A One-Way Ticket to the Announcer’s Booth
By Dr. T. J. Tomasi, Keiser University College of Golf Senior Faculty and Director of Research
Like most anything else, golf swings can get out of whack, and when they do, the fixes are threefold (1) ignore the problem, (2) do a complete swing overhaul where you tear up everything part by part and replace it, or (3) re-calibrate the part that is out of whack.
I believe (assuming your swing is decent, but your time is limited due to a job, family, etc.) that, as an amateur with no aspirations of going pro, you need to focus on tweaks vs. reconstruction. That is, you should perform a full-swing reconstruction only as a last resort. Why? Because there is much less downtime when you re-calibrate, and there is a good chance that without the full commitment of your time, the new swing will be no better than your old swing.
Here is a piece of advice I give my amateur students that don’t have the time to invest in full-swing reconstruction. It consists of the two magic words in golf – Short Game.
Let me tell you the story of Ian Baker-Finch, the 1991 British Open Champion who was one of the top players in the world but retired to become a first-class golf commentator. The payoff for his swing reconstruction was what I call ‘the one-way ticket to the announcer’s booth.
Finch finished in the top 10 at the Masters three times, including a tie for sixth in 1992. He also won the 1988 Australian Masters and the 1993 Australian PGA Championship. So, this guy could play, yet he quit the game in 1997 after his swing struggles culminated in an opening round of 92 at the 1997 British Open, a round that included an out-of-bound on the first hole where Finch hooked it approximately 200 yards offline.

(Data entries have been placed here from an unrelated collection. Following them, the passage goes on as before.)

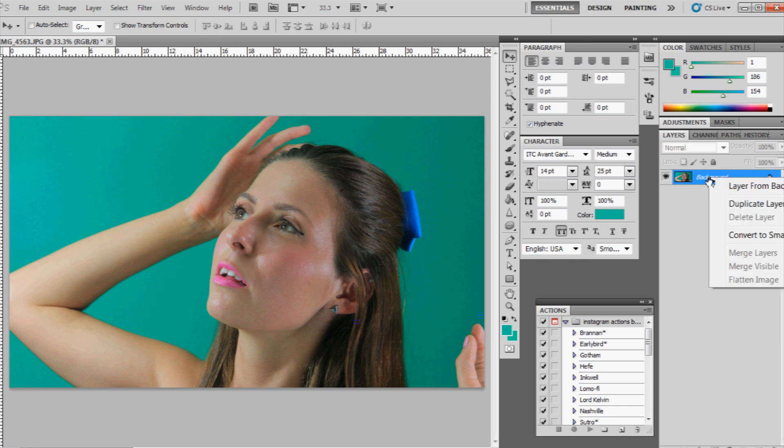So what we're going to do initially is we're going to duplicate the layer. So that way, if we screw up, we can always reference back to it.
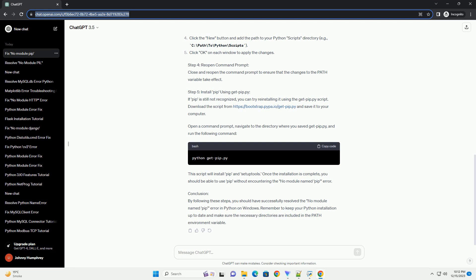Conclusion: By following these steps, you should be able to resolve the 'No Module Named PIP' issue on Windows. Always ensure that Python and PIP are correctly installed, and their respective directories are included in the system's PATH. If problems persist, refer to the official Python documentation or community forums for additional assistance.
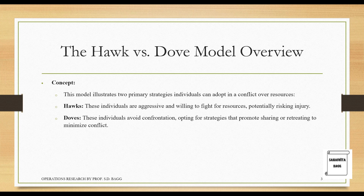Now we are talking about the Hawk versus Dove model. This model illustrates two primary strategies individuals can adopt in a conflict over resources. Hawks are aggressive and willing to fight for resources, potentially risking injury. Doves avoid confrontation, opting for strategies that promote sharing or retreating to minimize conflict.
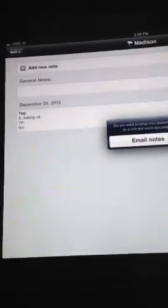I could have also added a Teaching Point and a Next Step as well. I can email these notes to myself if I want, but let's go back to adding notes and back to Math 3.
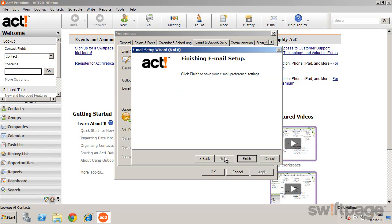As we have seen, ACT provides close integration with your current email program, allowing you to take full advantage of email clients such as Outlook, while also leveraging the activity and history recording features within ACT.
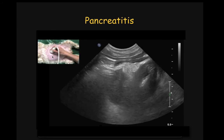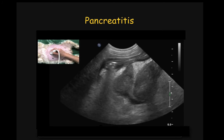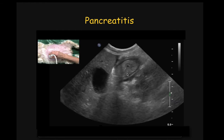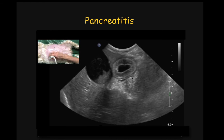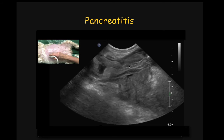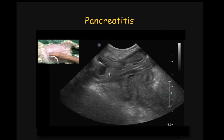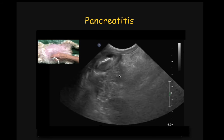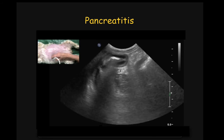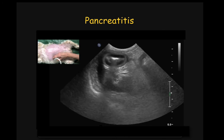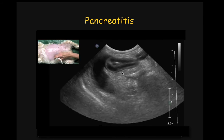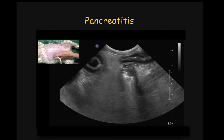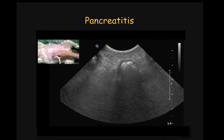Moving back to the region of the body of the pancreas, we see again abdominal effusion, hyperechoic fat, altered layering of the duodenum, and the mucosa is really hyperechoic to normal. Along the right limb, there is an enlargement of the pancreas surrounded by hyperechoic fat. Here is the colon and the duodenum.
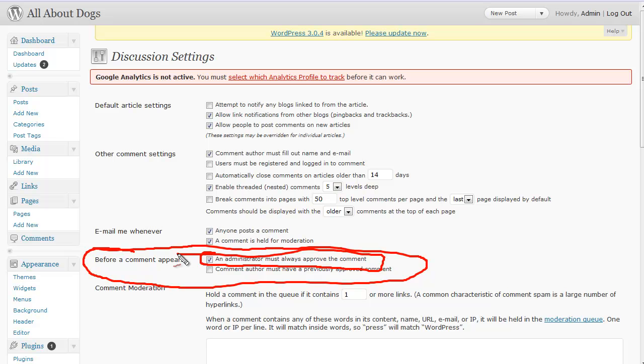That way if you get any kind of spam comments, it's going to come to you before it hits your blog. And then you can either approve it, mark it as spam, or delete it.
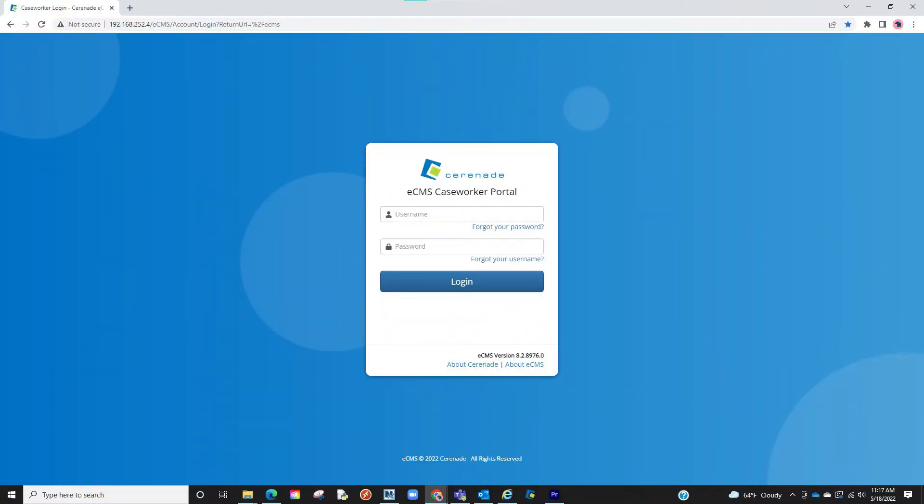Let us now log into the Caseworker Portal and go through how to schedule a completed form, downloading the eFiler, and finally eFiling the form.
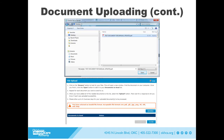The document you are submitting must be in an acceptable format. The formats that are acceptable include PDF, JPEG, GIF, TIFF, PNG, and Bitmap.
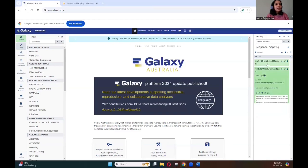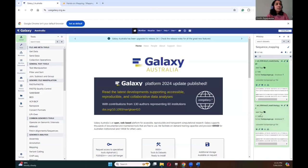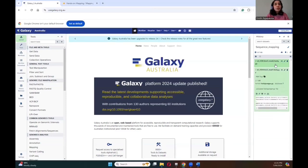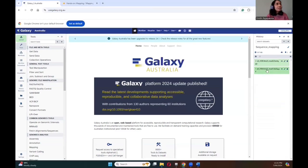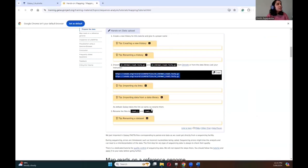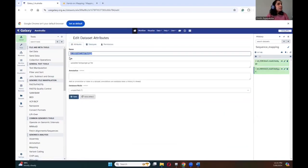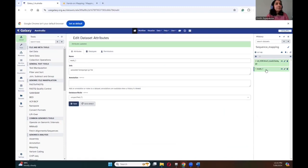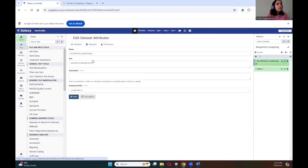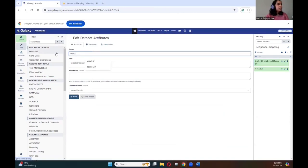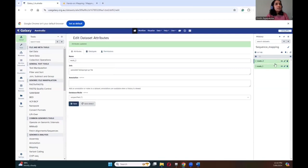The datasets are now loaded. Here you can see it's 2.7 megabytes, which is quite small compared to actual datasets you will be working with, but for the sake of time the datasets are downsized. Before starting the analysis let's rename the datasets because the names are quite long. As suggested in the tutorial we will rename them as reads 1 and reads 2. Using the edit attributes option, simply type reads 1 and save. We'll do the same with dataset 2 — reads 2. The data is now ready.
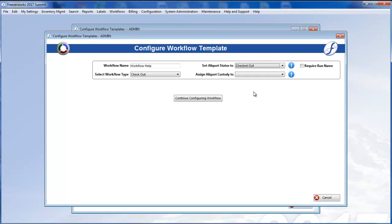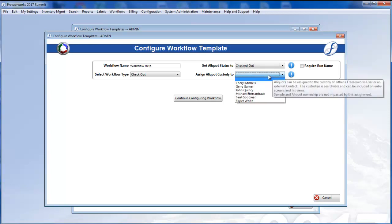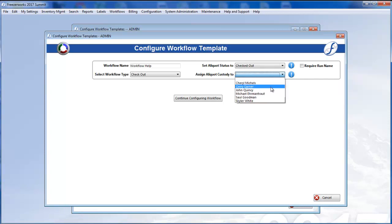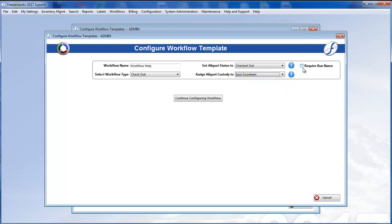The Assign Aliquot Custody drop-down determines the custodian for each aliquot that this workflow is run on. This drop-down gets filled with each people record in your database that was marked as a custodian. Again, see part one if you want more information.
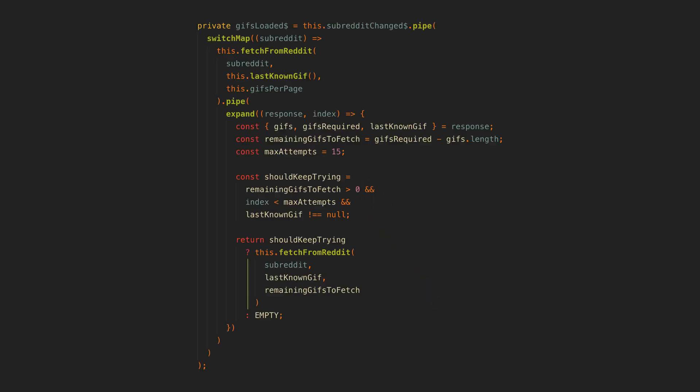Now we move on to dealing with that issue I mentioned where although we might fetch 100 posts from Reddit, maybe only three of those are valid GIFs. If we want 20 GIFs per page, a single request isn't enough, but we don't know that until after we make the request.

How could such a promising career be ruined so suddenly? Finch, a medium-length hitter, became convinced he needed to hit it farther, so he began experimenting with a new, more powerful swing. As is often the case, once he had changed his old swing, he couldn’t get it back again, so it was ‘goodbye tour golf – hello commentators booth!’
1) Once you develop your swing, adopt a cautious swing change policy. The rule of thumb is Tweaks rather than Gouges.
2) Spend the majority of the time that you have allotted to golf on developing a good short game.
This young pro knows that short shots like this often save a round or a career.